The regimen I use most commonly is TCHP, which is docetaxel, carboplatin, trastuzumab, and pertuzumab, but there are 2 other regimens available in the United States based on the NeoSphere and TRYPHAENA studies. Those are either fluorouracil, epirubicin, and cyclophosphamide (FEC) for 3 cycles followed by docetaxel, trastuzumab, and pertuzumab (THP) for 3 cycles, or THP times 4 cycles followed by surgery and then FEC after surgery for 3 cycles. That is the standard of care now. It gives patients a very high chance of having a complete eradication of their tumor, somewhere around 50% or higher in the breast and lymph nodes with the use of these therapies. We know that patients who achieve a pCR at the time of surgery have the most effective outcome. They are going to have the lowest chance of having their cancer come back and the most effective OS.
We did the KRISTINE study looking at T-DM1 and pertuzumab compared with the TCHP regimen, hoping that the T-DM1 as a less toxic, more directed therapy would yield a better outcome, and it actually was inferior to standard chemotherapy. The pCR rate was lower for patients getting T-DM1, so it has not changed yet. Then, at the 2016 San Antonio Breast Cancer Symposium, Mothaffar Fahed Rimawi, MD, presented the NSABP B-52 study looking at the TCHP regimen alone or in combination with endocrine therapy in patients with hormone receptor (HR)-positive/HER2-positive breast cancer. The trial showed high rates of pCR but no difference for patients who had endocrine therapy or not.3 Right now, there are a lot of ongoing studies looking at CDK4/6 inhibitors in combination with HER2-targeted therapies and other kinds of interesting combinations, but outside of a clinical trial the standard regimens are the ones I mentioned.

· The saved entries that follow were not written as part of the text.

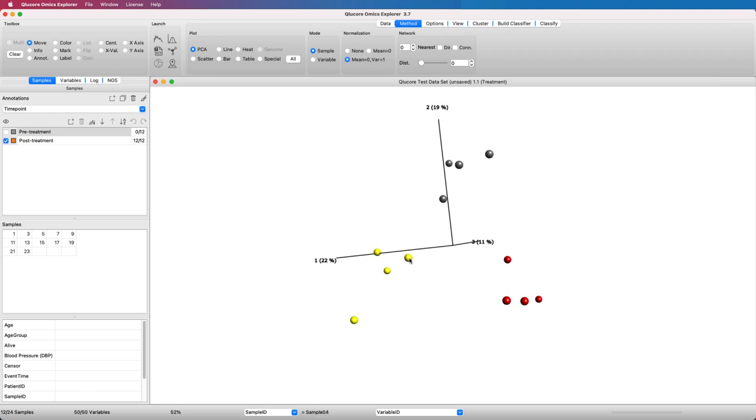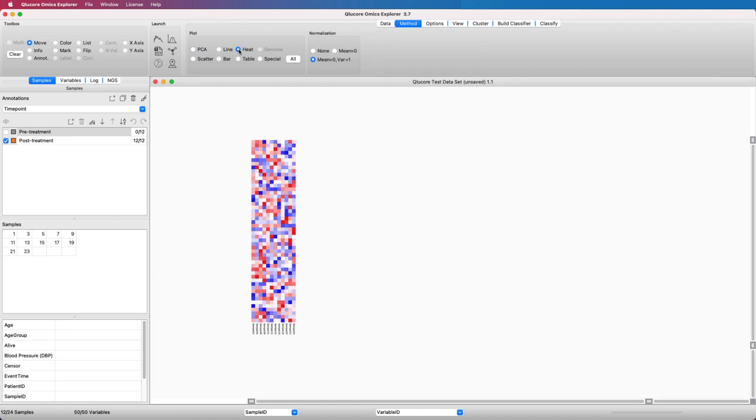Choose the preferred plot for the visualization. The PCA plot, as well as the heatmap plot, is good to use. In this example, we will change to a heatmap in the Method tab.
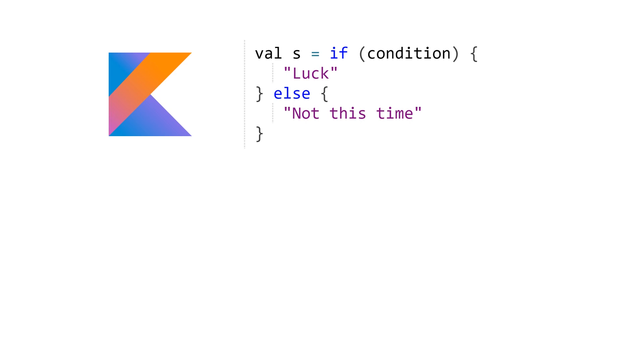I don't want to take Andrey out of context. He's definitely correct when he says that if statements are statements to most C languages or for all C languages, whereas this idea of if being an expression is a bit foreign. It definitely is.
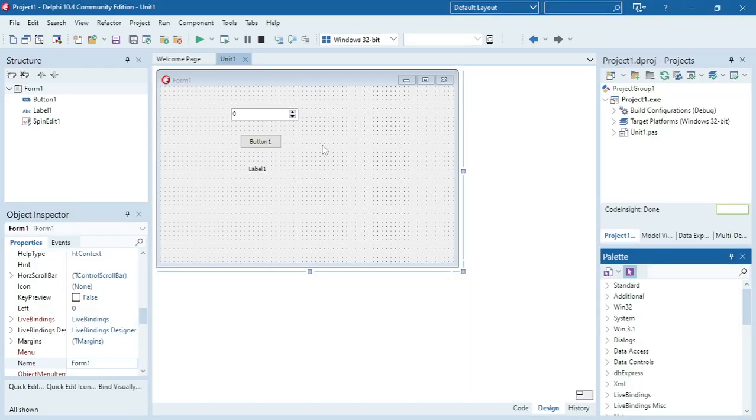In this video I'm going to show you how to declare a constant and how to use it in your program.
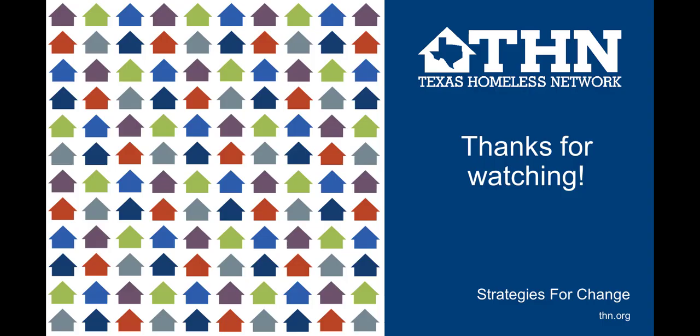If you have any more questions about how to submit or interact with HMIS tickets, please email us at HMIS at THN dot org. Thanks for watching.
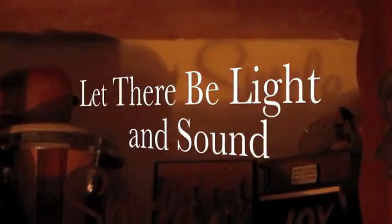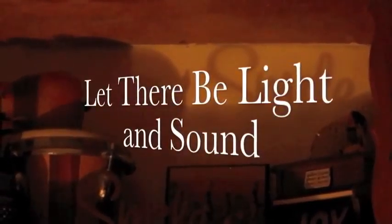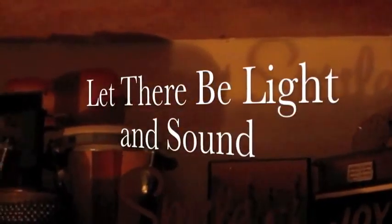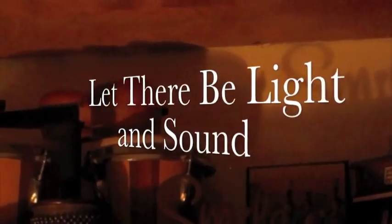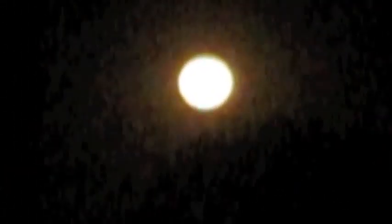Let there be light. In the beginning, there was darkness. The moon lit the sky.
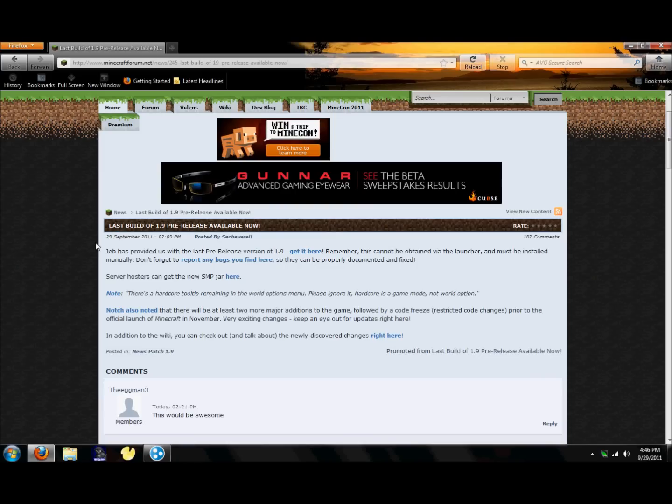Hey guys, another Forsaken Realms tutorial today on how to make your own Minecraft 1.9.2 server.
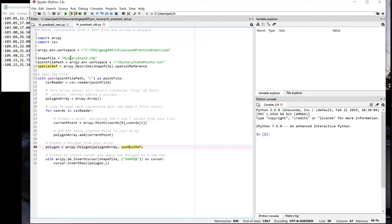In any case, this version of the script finishes up by passing the polygon object to the insert row method rather than a list of coordinate pairs. So those are two ways that you can solve this exercise.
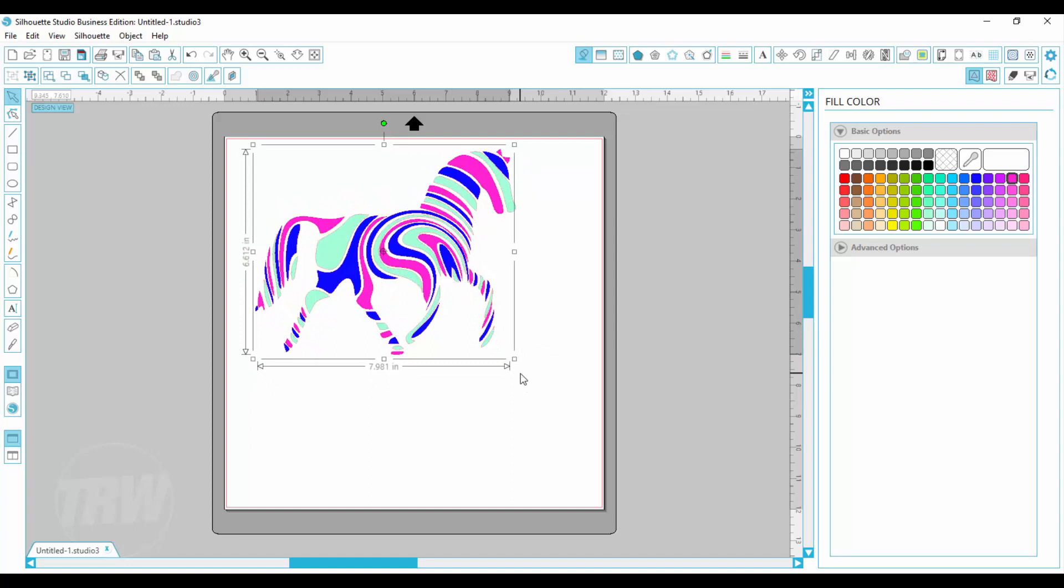And so that is how you select by color in Silhouette Studio. If you have any questions you can email us at info at therhinestoneworld.com.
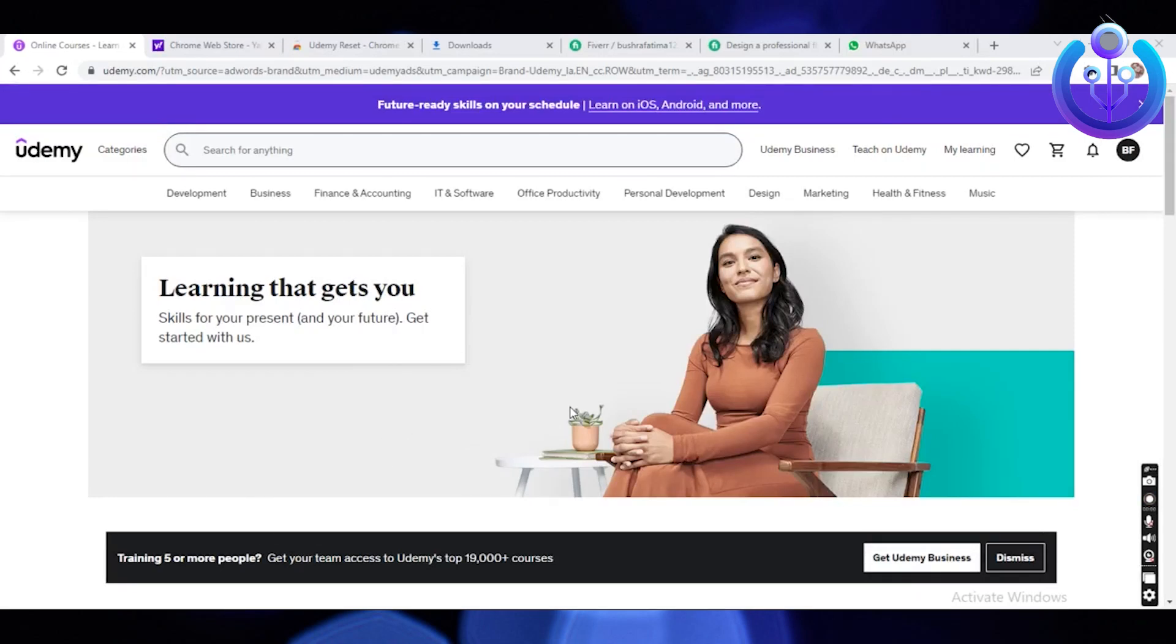Hello everybody and welcome back to our channel. For today's video, we are going to show you how to reset Udemy course progress.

What are some of the most common adverse events with these treatments and how do you manage them?
With trastuzumab and pertuzumab combined we see higher rates of diarrhea and rash but pertuzumab can be the cause of this. You just have to educate patients about that and have things like Imodium on hand and follow patients very closely. There are slightly higher rates of febrile neutropenia as well, so I am utilizing pegfilgrastim (Neulasta) prophylactically for patients getting chemotherapy plus dual HER2-targeted therapy. A lot of this is just education—patients being made aware of it and watching them closely.